Booklist | 06/01/2013
In interlocking stories moving back and forth in time, Danticat weaves a beautifully rendered portrait of longing in the small fishing town of Ville Rose in Haiti. Seven-year-old Claire Faustin's mother died giving birth to her. Each year, her father, Nozias, feels the wrenching need to earn more money than poor Ville Rose can provide and to find someone to care for Claire. Gaelle Lavaud, a fabric shop owner, is a possible mother for the orphaned child, but she is haunted by her own tragic losses. Bernard, who longs to be a journalist and create a radio show that reflects the gang violence of his neighborhood, is caught in the violence himself. Max Junior returns from Miami on a surreptitious mission to visit the girl he impregnated and left years ago and to remember an unrequited love. Louise George, the raspy voice behind a gossipy radio program, is having an affair with Max Senior, head of the local school, and teaches the ethereally beautiful Claire. Their stories and their lives flow beautifully one into another, all rendered in the luminous prose for which Danticat is known. HIGH-DEMAND BACKSTORY: The best-selling Danticat's (Brother, I'm Dying, 2007) return to fiction after nine years is sure to be highly anticipated. Bush, Vanessa. 256p. AMERICAN LIBRARY ASSOCIATION, c2013.
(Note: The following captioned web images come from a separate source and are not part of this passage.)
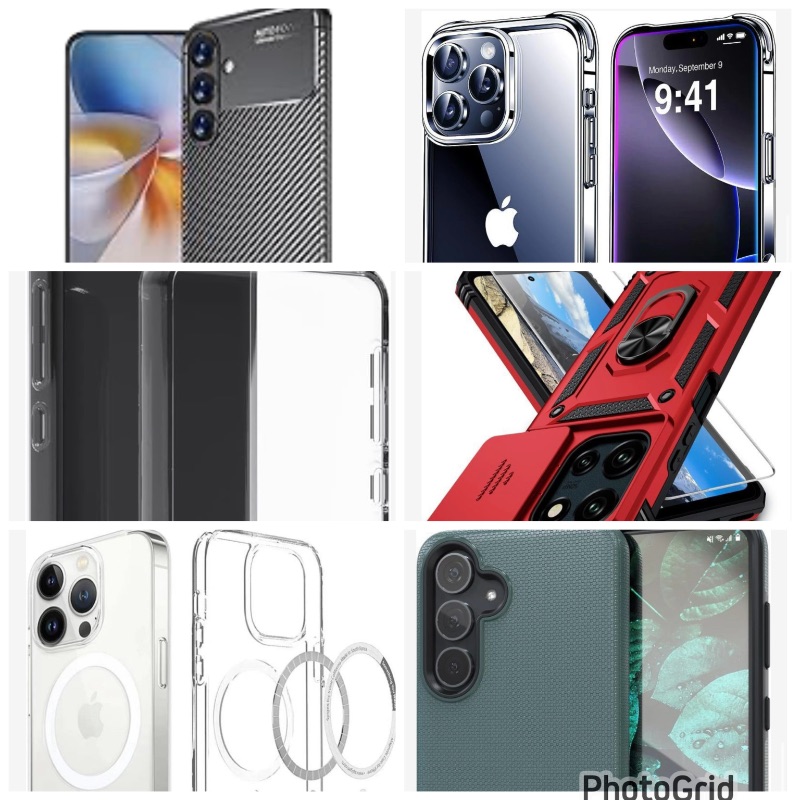 Photo 1 of 6 items of phone cases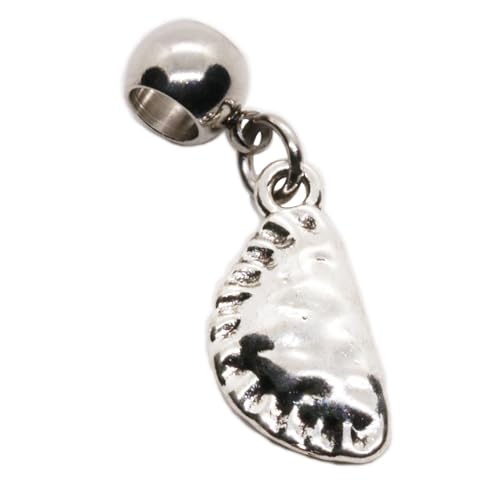 Dave The Bunny Pierogi Charm - Dumpling Charm Stainless Steel Connector with Metal Alloy Polish Food Ravioli Pierogies Dumpling Empanada to go with your Pierogi Maker Press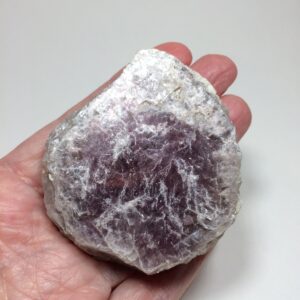 Lepidolite Mica Book 2.5" - Natural Crystal - Raw Mineral Specimen - Healing Crystal - Meditation Crystal - Collectible Stone - 84g
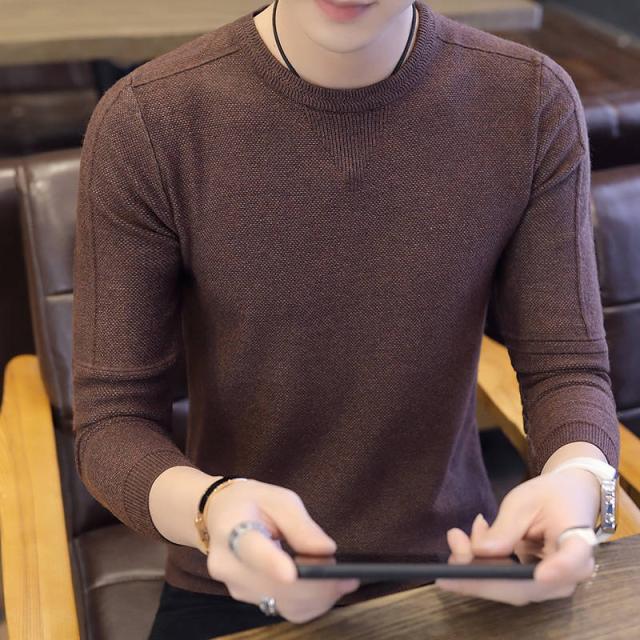 メンズニット セーター メンズ 丸ネック ニット 無地 セーター トップス 薄手 セーター 丸ネックセーター プルオーバー 春秋 新作 カットの通販はau Pay マーケット うらみ販売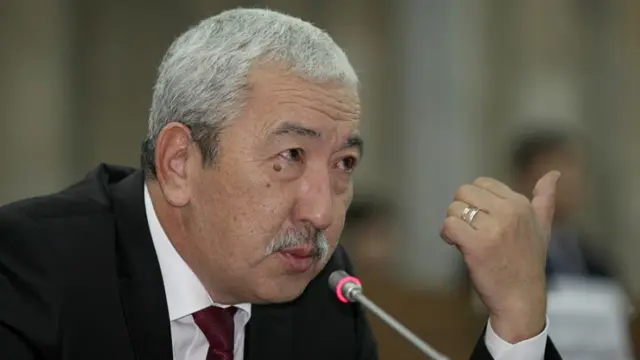 "Өнүгүү-Прогресс" фракциясынын өкүлү Исхак Масалиев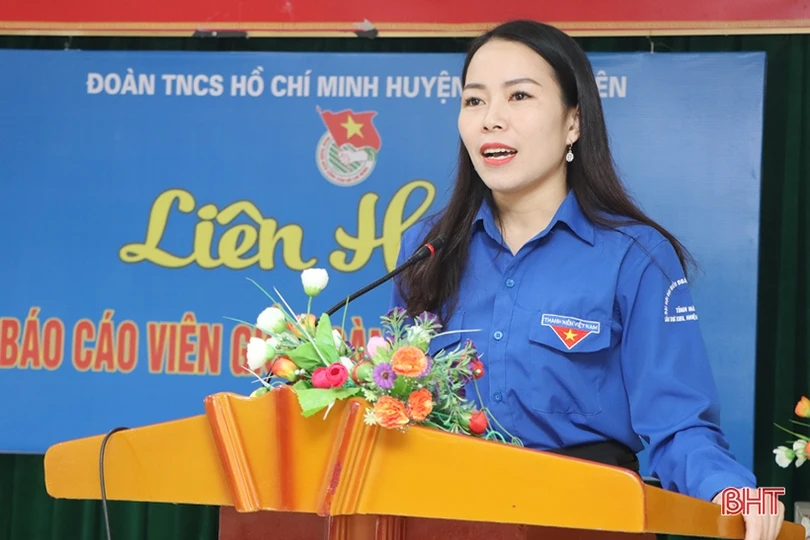 Phó Bí thư Đoàn trường THPT Cẩm Xuyên nhất liên hoan báo cáo viên, tuyên truyền viên giỏi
Kirkus Reviews | 07/15/2013
Danticat's first fiction in nine years (The Dew Breaker, 2004, etc.): a snapshot of 21st-century Haiti in the form of stories unfolding around a little girl in the coastal town of Ville Rose. Claire's mother died in childbirth, and on the evening of her seventh birthday in 2009, her father, Nozias, a poor fisherman, agrees to give her to Madame Gaelle, an affluent fabric vendor whose own daughter died three years earlier in a traffic accident. Claire runs off to think things over, and the narrative circles back to chronicle Gaelle's pregnancy and the death of her husband in a random gang shooting. From there, we travel to Cite Pendue, a festering slum on the outskirts of Ville Rose, where Bernard Dorien's tentative steps toward a better life are violently halted after he is accused of complicity in that shooting. The intricate, sometimes-intimate interconnections between rich and poor in a small town are evident in the story of Bernard's friend Max Ardin Jr., son of the elite local private school's arrogant proprietor, and Flore, the family's maid, whom he raped and impregnated 10 years earlier. Flore gets her revenge by exposing his crime on the popular local radio program Di Mwen--Creole for "tell me." (Danticat makes evocative use of Creole's distinctive French/African cadences throughout, and the novel's title translates her protagonist's full Creole name, Claire Limye Lanme.) Louise George, host of Di Mwen, has her own reasons for humiliating the Ardins; motivations are never simple in Danticat's nuanced presentation. Her prose has the shimmering simplicity of a folk tale and the same matter-of-fact acceptance of life's cruelties and injustices. Yet, despite the unsparing depiction of a corrupt society in which the police are as brutal and criminal as gang members, there's tremendous warmth in Danticat's treatment of her characters, who are striving for human connection in a hard world. Both lyrical and cleareyed, a rare and welcome combination. 256pg. KIRKUS MEDIA LLC, c2013.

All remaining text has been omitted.